5. Metamorphic Rocks
Grades:
Low: slate, phyllite.
Medium: schist.
High: gneiss, migmatite.
Facies: mineral assemblages reflecting T/P conditions.
Tectonic settings:
Subduction zones: blueschist.
Continental collisions: high-grade regional.
Shock metamorphism: impacts (e.g., meteor craters).
PART 3: RESOURCES, GEOLOGIC TIME & RADIOACTIVE DATING
1. Energy Resources
Fossil fuels: formed in anoxic environments, buried over geologic time.
Coal: from terrestrial plant matter in swamps.

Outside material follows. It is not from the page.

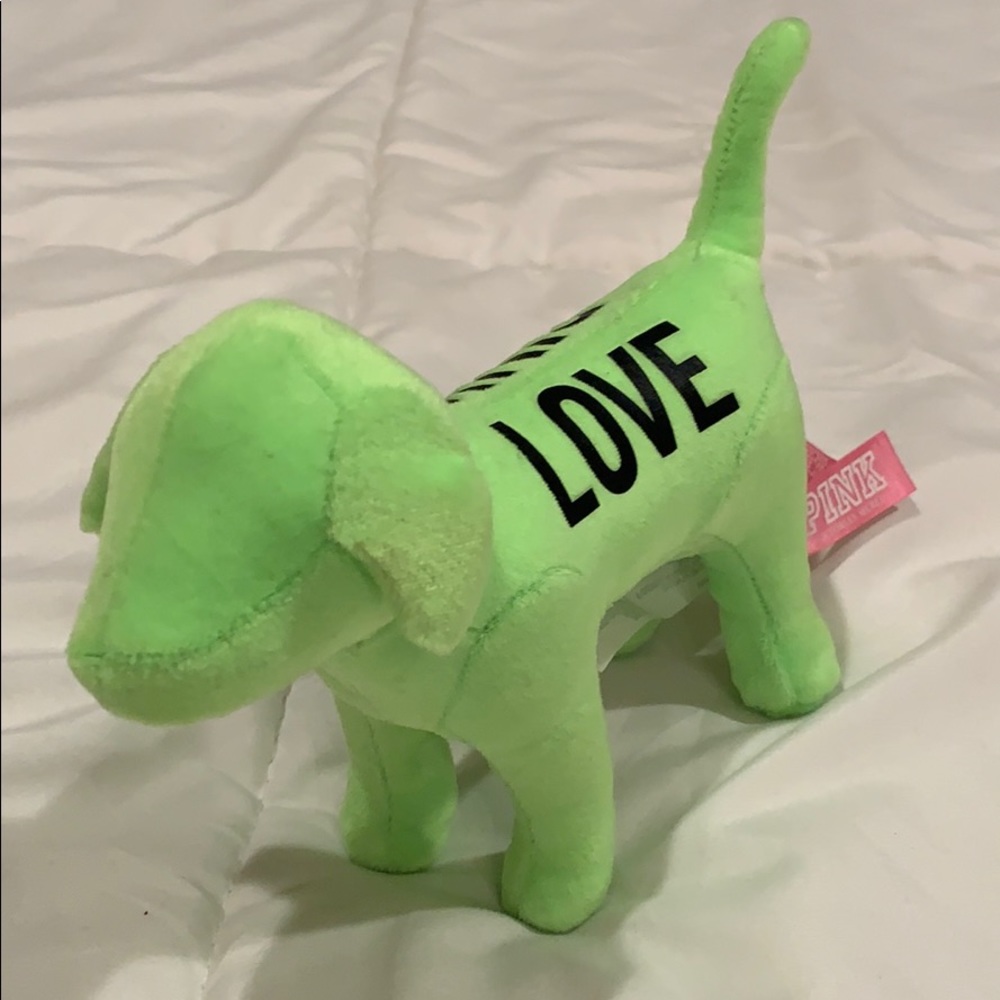 Victoria secret Pink dog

Oil: marine plankton → kerogen → crude oil.
Gas hydrates: methane in ice lattices under deep-sea sediments.
Renewable energy: solar, wind, hydro, geothermal.
Environmental effects: greenhouse gases, acid rain, habitat destruction.
2. Mineral Resources
Strategic minerals: essential for technology (REEs, lithium).
Ore enrichment:
Mechanical: panning, sluicing.
Chemical: smelting, leaching.
Sustainability: recycling, reducing use, finding alternatives.

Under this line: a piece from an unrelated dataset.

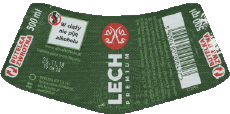 Boissons Bières Pologne Lech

Reclamation: restoring land after mining.
3. Geologic Time
Time units:
Eon: Phanerozoic (visible life).
Era: Paleozoic, Mesozoic, Cenozoic.
Period: Jurassic, Cretaceous, etc.
Major events:
Cambrian Explosion (~541 Ma): rise in diversity.
Permian Extinction (~252 Ma): largest mass extinction.
K-T Boundary (~66 Ma): dinosaur extinction.
Quaternary (~2.6 Ma–now): ice ages, humans.
4. Radiometric Dating
Decay chains: multiple steps from parent to stable daughter.
Closure temperature: below this, radiometric clock starts.
Concordia diagram: used in U-Pb dating to check reliability.
Dating techniques:
Fission track: tracks from spontaneous nuclear decay.
Luminescence: trapped electron release dates last exposure.
Applications: archaeology, climate change, plate motion studies.